The “major questions doctrine” is a principle in administrative law in the United States. Essentially, this doctrine holds that federal agencies do not have the authority to issue regulations on major policy issues unless Congress has clearly and explicitly delegated that authority to them. The doctrine is often invoked in legal challenges to agency rules, particularly in disputes over the scope of an agency’s regulatory power.
Meanwhile, Coinbase chief legal officer Paul Grewal stated that the exchange would address the Court today, July 13.
Coinbase restates defense
Coinbase said the U.S. Congress was yet to grant the SEC regulatory authority over the crypto industry, adding that the lawmakers were still “considering regulatory structures for the digital assets industry.”
Coinbase said the U.S. Supreme Court’s recent application of the major questions doctrine in a similar case shows that the SEC cannot defend its claims. Grewal recently explained how the SEC’s interpretation of the major questions doctrine contradicts that of the apex court.
The exchange further highlighted SEC’s previous statements and conducts as factual claims of why the regulator could not strike its defenses. Coinbase wrote:
“The same is true of the other defenses the SEC proposes to move to strike. Coinbase’s abuse of discretion defense, based on the Commission’s decision to assert new regulatory authority over digital asset platforms by retroactive enforcement action rather than notice-and-comment rulemaking, plainly has grounding in fact and law.”
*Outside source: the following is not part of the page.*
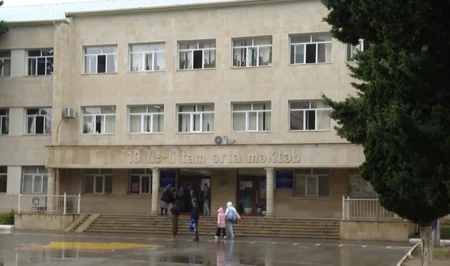 Резонансное убийство школьника в Баку: правда ли, что убийцу хотят признать невменяемым?
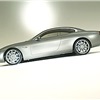 Jaguar R-Coupe, 2001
Coinbase noted that all the defenses the SEC proposed to strike have the same factual predicate as its fair notice defense, which the regulator, surprisingly, has no issue with.
Meanwhile, Coinbase wants the matter to proceed as quickly as possible, with the exchange requesting that the deadline for motion and opening brief should be within seven days of the Court order and the answering brief should be filed not later than 28 days after.